# Kitchen Remodel... HELP!!!



## Homewrecker1989 (Jan 2, 2017)

Ok I sure wish I could post pictures from my phone on here but it won't allow me to. Please refer to Home Depot on what I have so far.

I am remodeling my house. So far I have laid 12 x 24 stick tiles called Petrified Wood (Home Depot) throughout my dining room, bathroom and kitchen. I redid all the cabinets in the kitchen with cherry wood stain and placed Laminate counter tops down, color called Typhoon Ice (Home Depot) Now I am at a stand still on a back splash that will flow good with my colors. So far it looks GREAT but definitely needs a backsplash. I was thinking about just going with a white to be on the safe side, but not sure. Also looking for a color for the remaining walls. The Typhoon Ice as well as the Petrified Wood flooring has bits of tan in it so I was thinking a tan but then again with my cherry wood cabinets, maybe a darker brownish/cherry color to accent my cabinets?

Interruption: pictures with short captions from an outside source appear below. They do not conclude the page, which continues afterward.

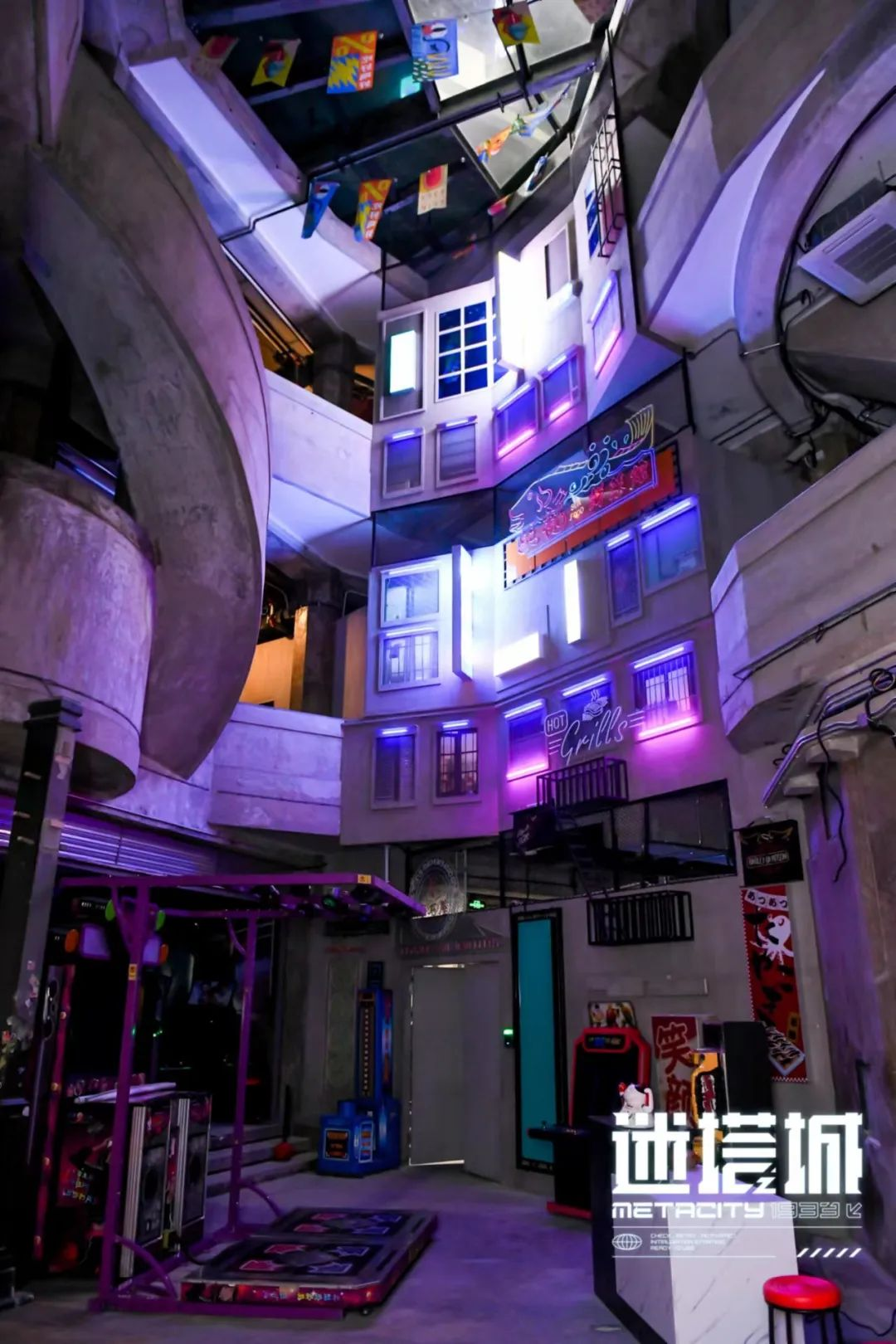 穿越迷塔城？“夜猫子”书店？……传统旅游景点还有这么多隐藏玩法！休闲区蓝鸢梦想 - Www.slyday.coM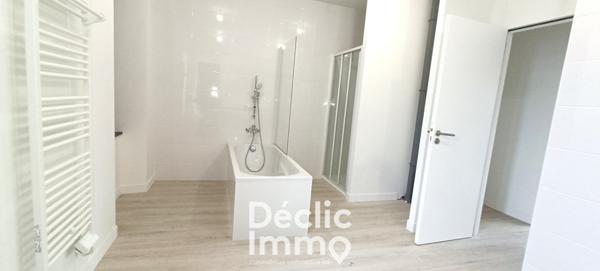 Vente maison Saint hilaire de villefranche, 190m² 6 pièces 306 800€ avec piscine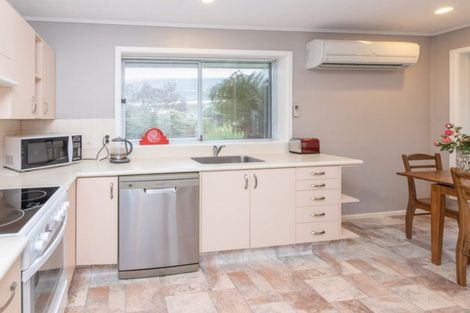 Photo of property in 55 Twyford Street, Bishopdale, Christchurch, 8053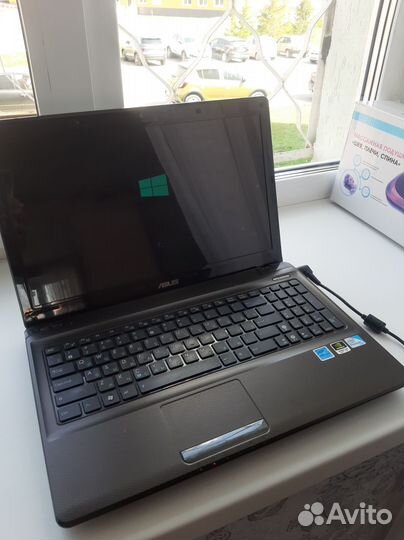 Ноутбук asus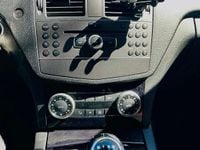 Usata Mercedes C200 Avantgarde 136 CV (100 kW) 2010 Grigio Berlina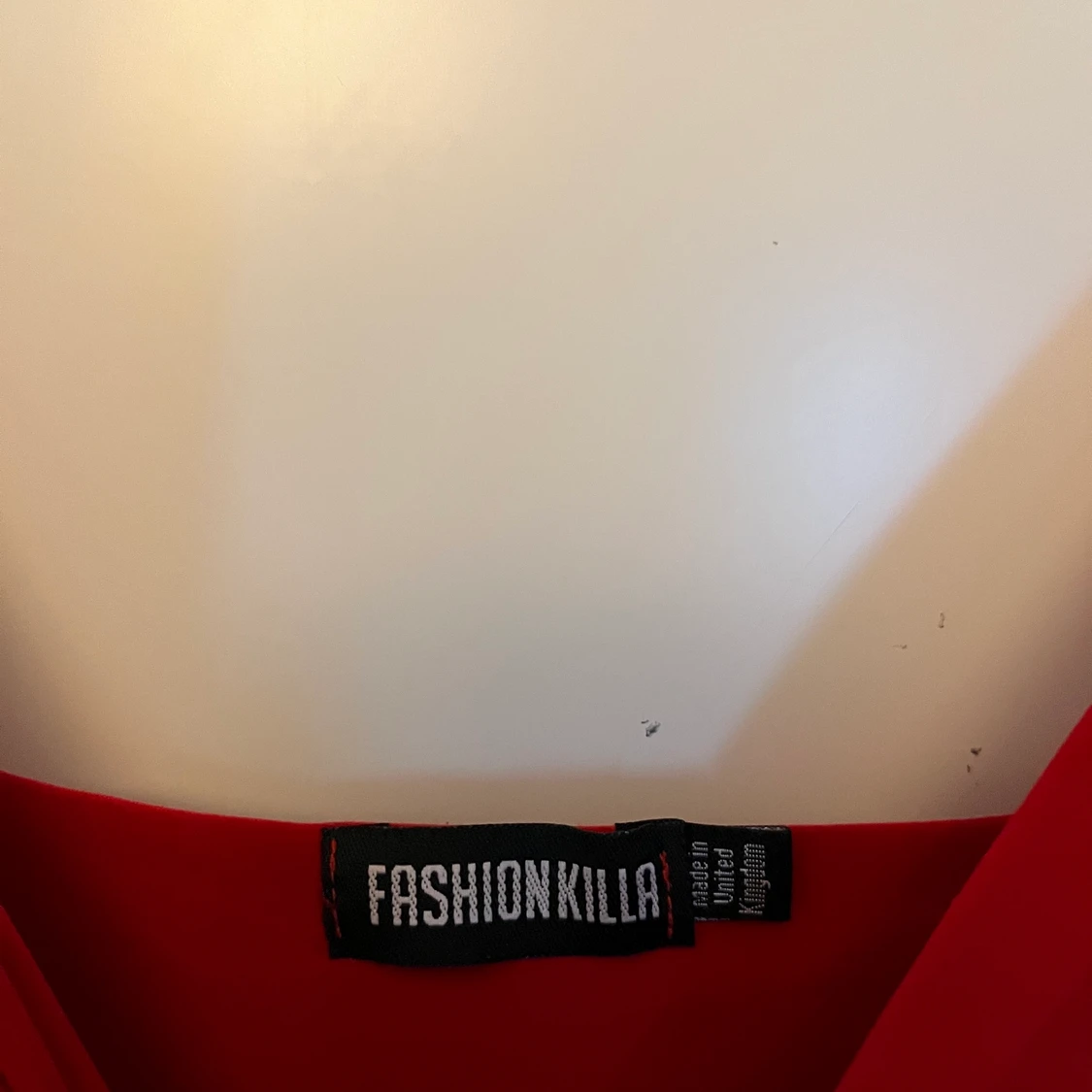 Röd klänning från Boohoo - 91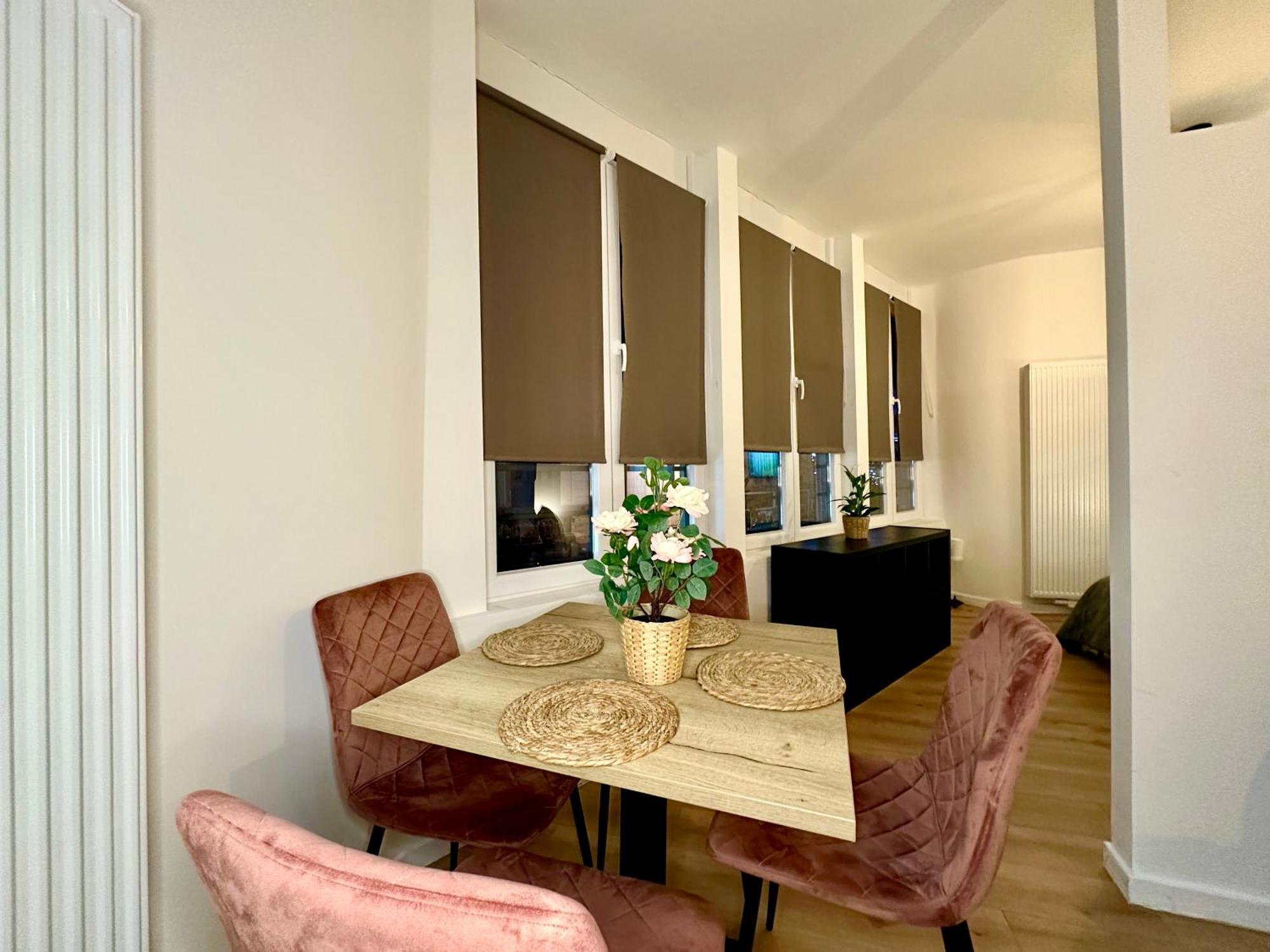 Luxury Suites Mons By Rikas Hotels Eksteriør billede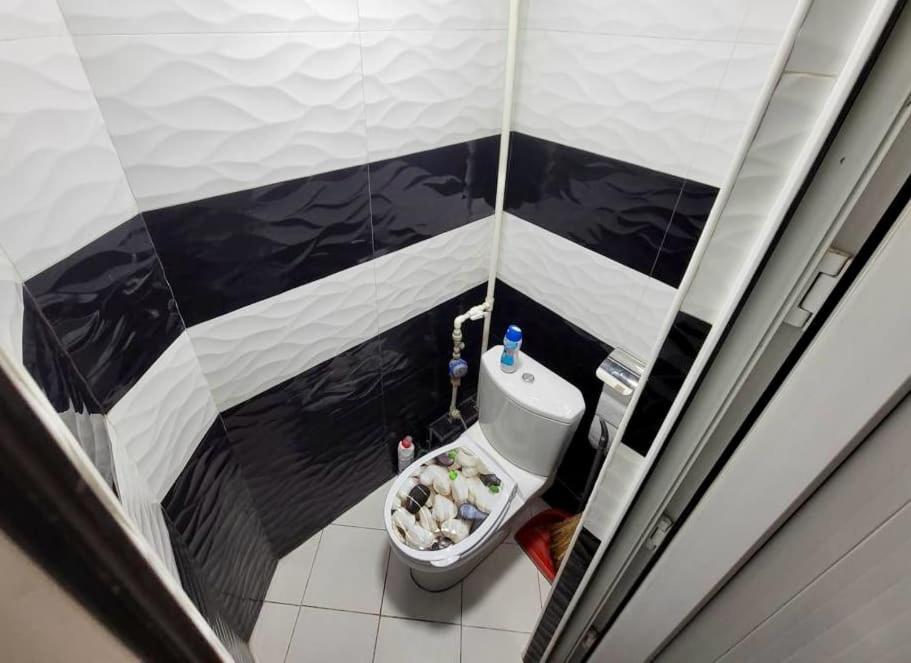 Private Rooms in Family Guesthouse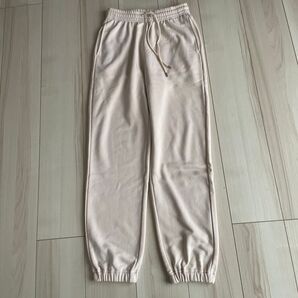 UNIQLOスウェットパンツ オフホワイト Sサイズ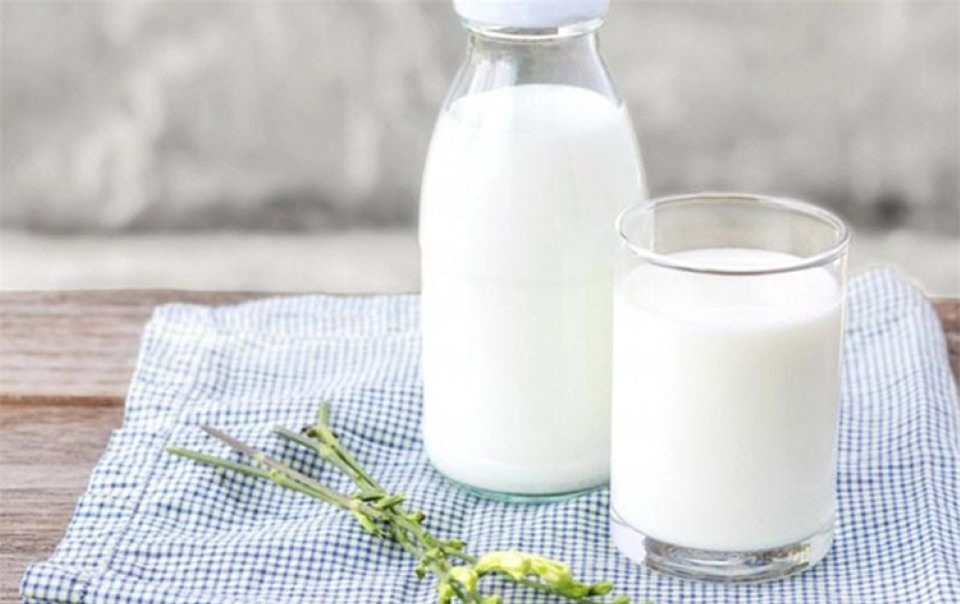 Cách chọn sữa phù hợp với người bệnh tiểu đường
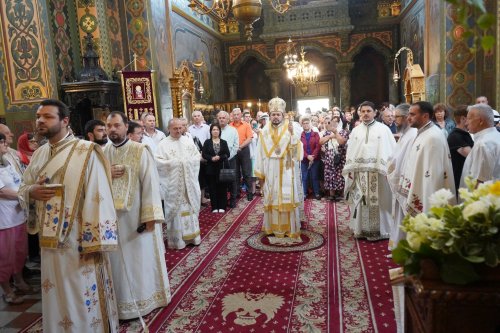 Sfântul Dionisie Erhan, prezent prin moaștele sale într‑o parohie din București Poza 258903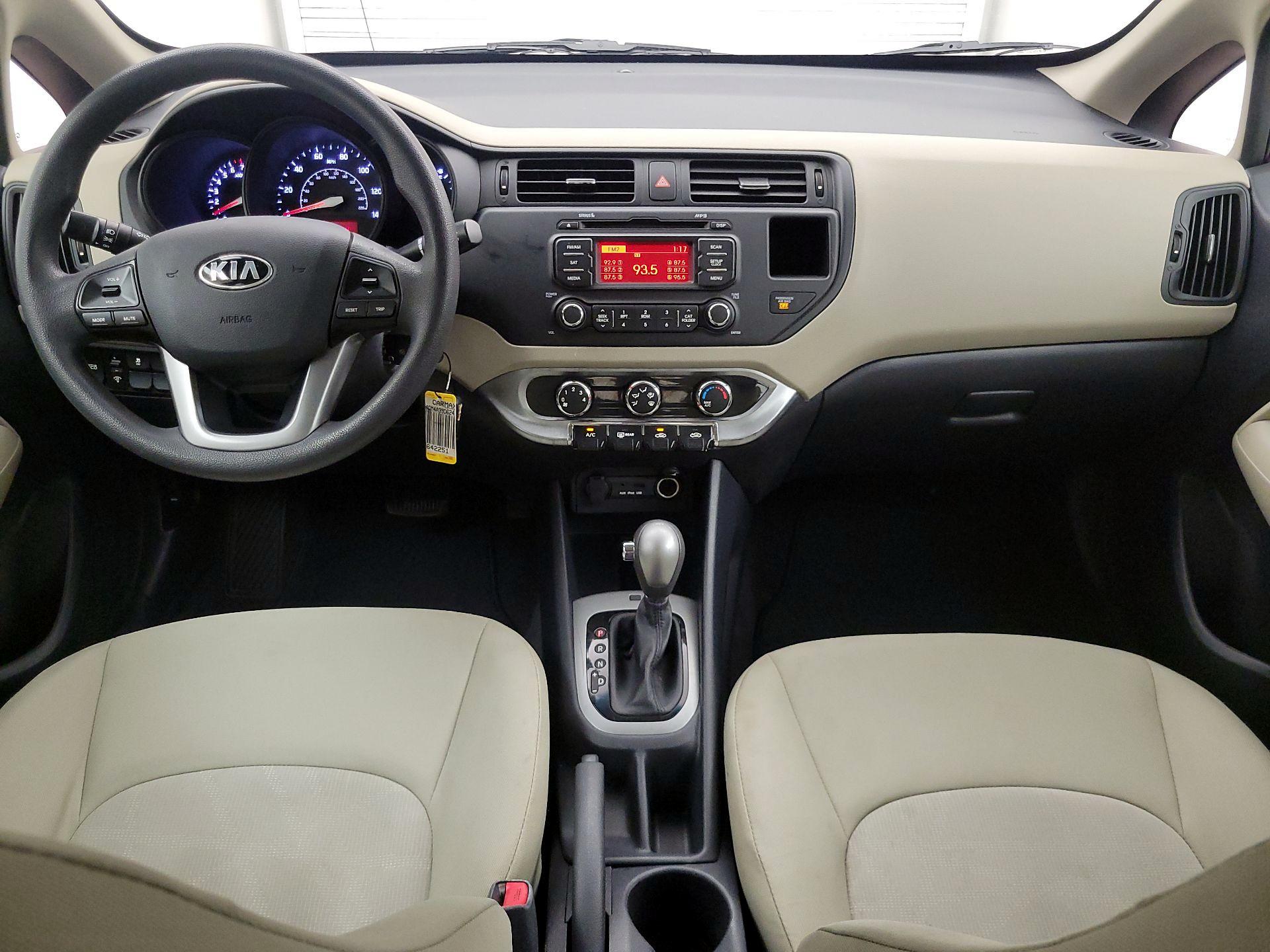 Thumbnail: 2013 Kia Rio - 9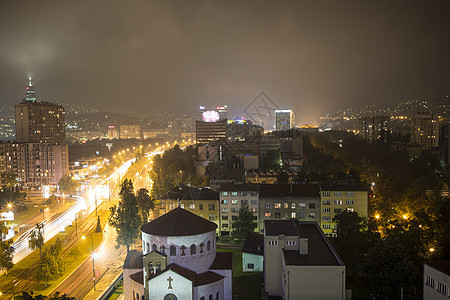 晚上的城市天际线，萨拉热窝，波斯尼亚和黑塞哥维那图片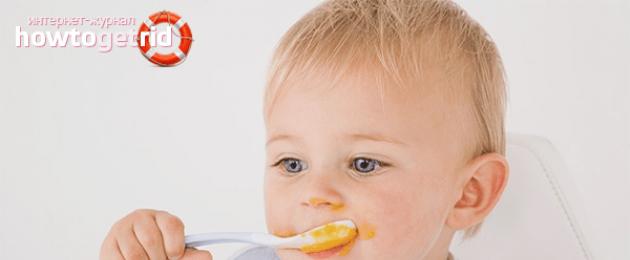 Kdy naučit dítě držet lžíci.  Jak naučit dítě jíst samostatně lžící: základní pravidla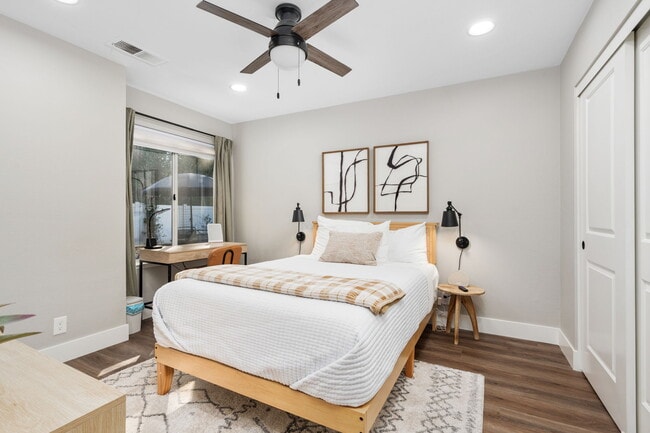 Building Photo - 9178 N Woodlawn Dr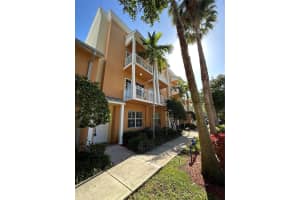 420 SW 13th Ter 364, Fort Lauderdale, FL 33312 Sold 05/01/25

My kitchen size is 15' x 10'. 
Please help!!!


----------



## oldognewtrick (Jan 2, 2017)

Try posting pics now. And  to House Repair Talk!


----------



## havasu (Jan 2, 2017)

If you post up a few pics, our contractors could give you some great ideas.


----------



## nealtw (Jan 2, 2017)

Or find the product at HD site and post the links.


----------



## slownsteady (Jan 8, 2017)

How about purple? But then, there is no accounting for taste, is there? Put in whatever you like, instead of asking a bunch of strangers to decide for you.


----------